O nome de Warner aparece no noticiário brasileiro? E a menção ao investidor? Claro que não. Consta no processo que ele é vinculado à Fundação Bill & Melinda Gates. Mas o próprio empresário explicou à presidente que se trata de um advogado de um investidor externo da entidade, e não o próprio Bill Gates.
É bem diferente de “Bill Gates processa a Petrobras”, como a mídia brasileira estava estampando em suas principais manchetes.
A própria Folha, Estadão, Veja e outros veículos deram destaque ao factoide sem fazer a correção apropriada depois do desmentido.
Mas os equívocos que envolvem a Petrobras não começaram ontem.

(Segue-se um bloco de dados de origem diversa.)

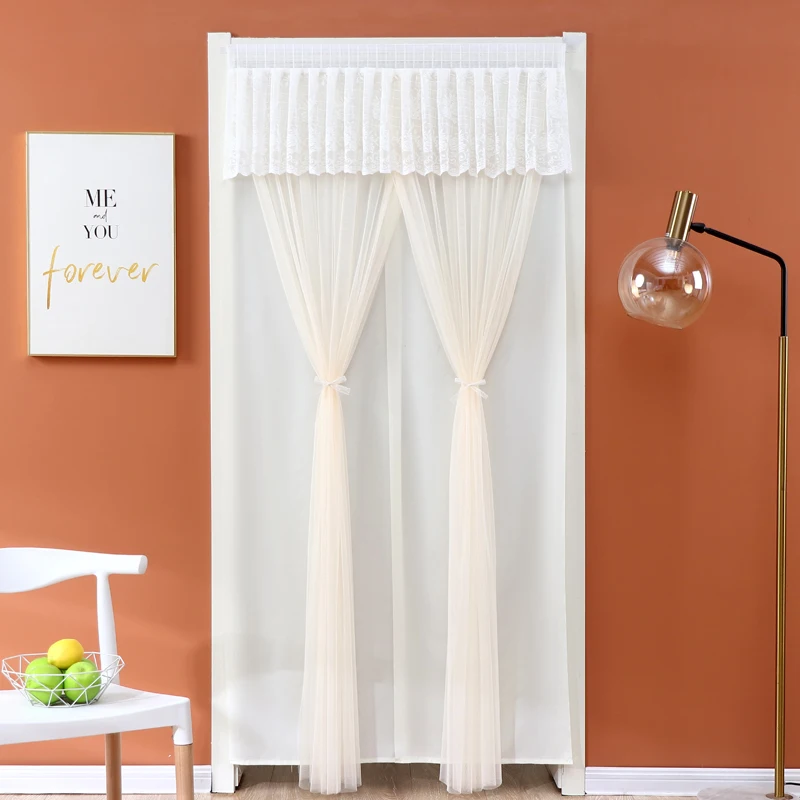 

Для без сверления кружевная дверная занавеска современный коврик Sle спальня декоративная перегородка конфиденциальная занавеска защита от комаров вентилируемая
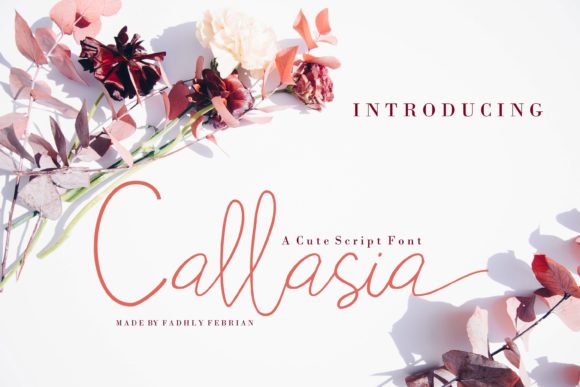 Callasia Font for Creative Campaigns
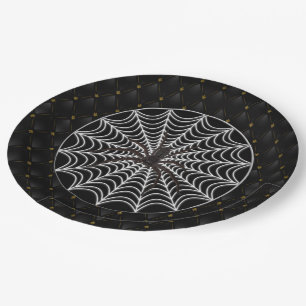 Prato De Papel Aranha-Aranha-Branca E Aranha-Negra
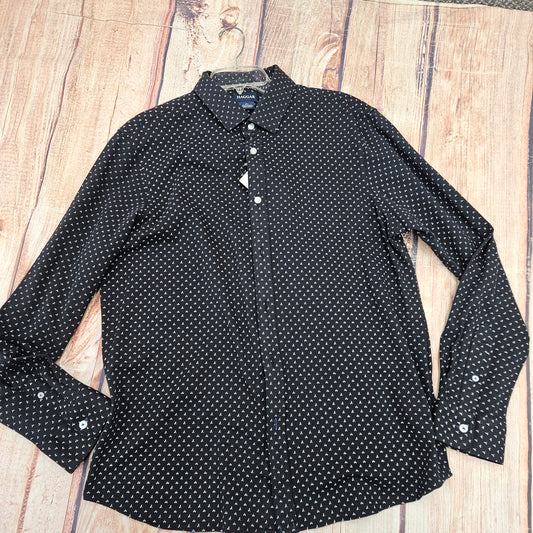 HAGGAR BUTTON UP LS HW00429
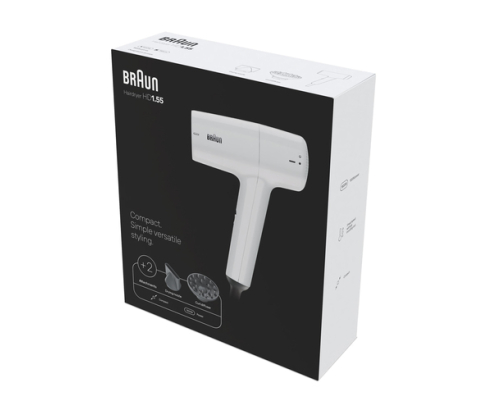 Braun HD1.55 secador 1800 W Blanco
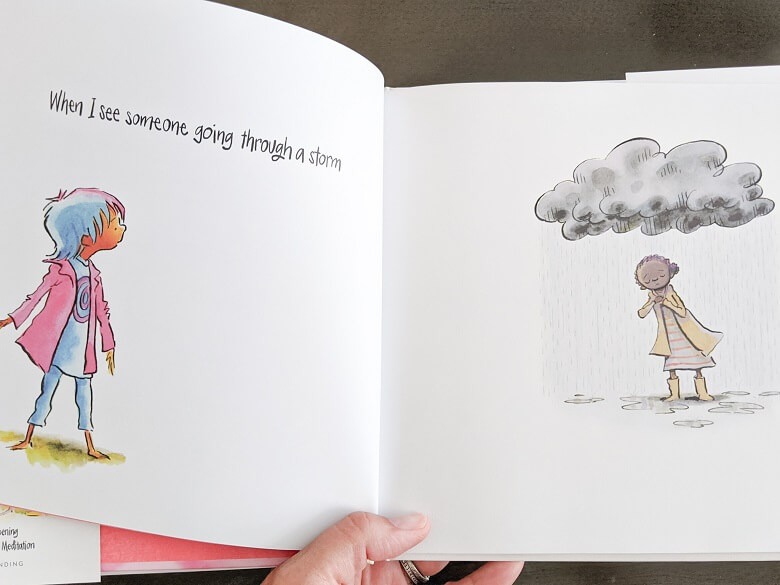 A page from the book I Am Love—A Book of Compassion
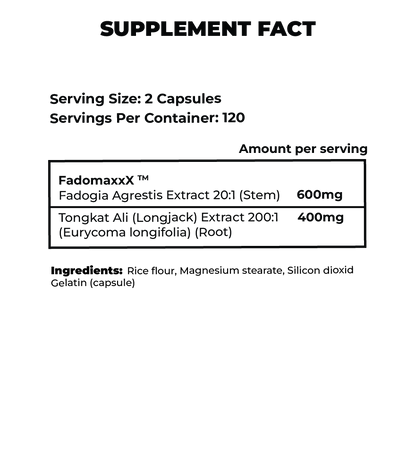 FADOGIA AGRESTIS COMPLEXED WITH TONGKAT ALI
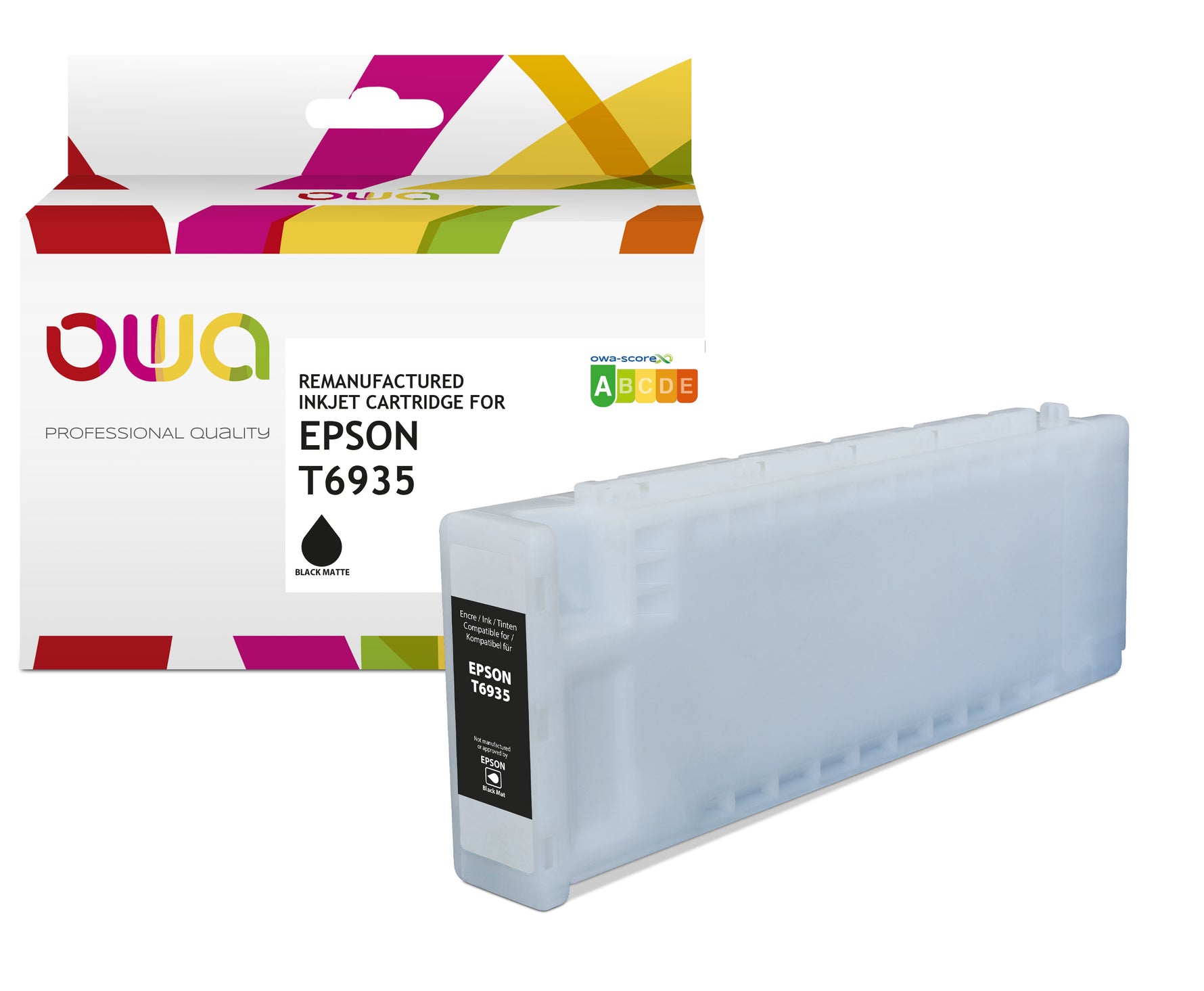 Epson Epson T6935 - Remanufactured Plotter Ink Cartridge Owa - Black Matt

Em 16 de janeiro deste ano, a petroleira emitiu um comunicado à imprensa esclarecendo que Paulo Roberto Costa e Nestor Cerveró deixaram os cargos de diretoria, respectivamente, em 2012 e 2014. Portanto, para a Petrobras, os ex-diretores não têm ligação com os atuais gestores. No mesmo release, a empresa reclamava de textos que os descreviam como “diretores”.
No dia 20 de maio, a petroleira anunciou que assinou um contrato de financiamento de US$ 1,5 bilhão com o Banco de Desenvolvimento da China. Esta manchete passou batido na imprensa brasileira.
Já a produção de petróleo atingiu a marca de 2,88 milhões de barris de óleo equivalente por dia (boed), um recorde histórico, de acordo com a Petrobras, no mês de agosto. A empresa também perfurou o terceiro poço na área de Carcará (Bloco BM-S-8), localizado em águas ultraprofundas da Bacia de Santos, e confirmou a descoberta de petróleo leve e de boa qualidade nos reservatórios do pré-sal. Essa última informação apareceu no dia 28 de setembro.
Nenhum destes dados foi destaque na mídia nacional. Porque o que importa, enquanto a Lava Jato for destaque e o antipetismo for a moda da vez, é se Bill Gates está processando a Petrobras.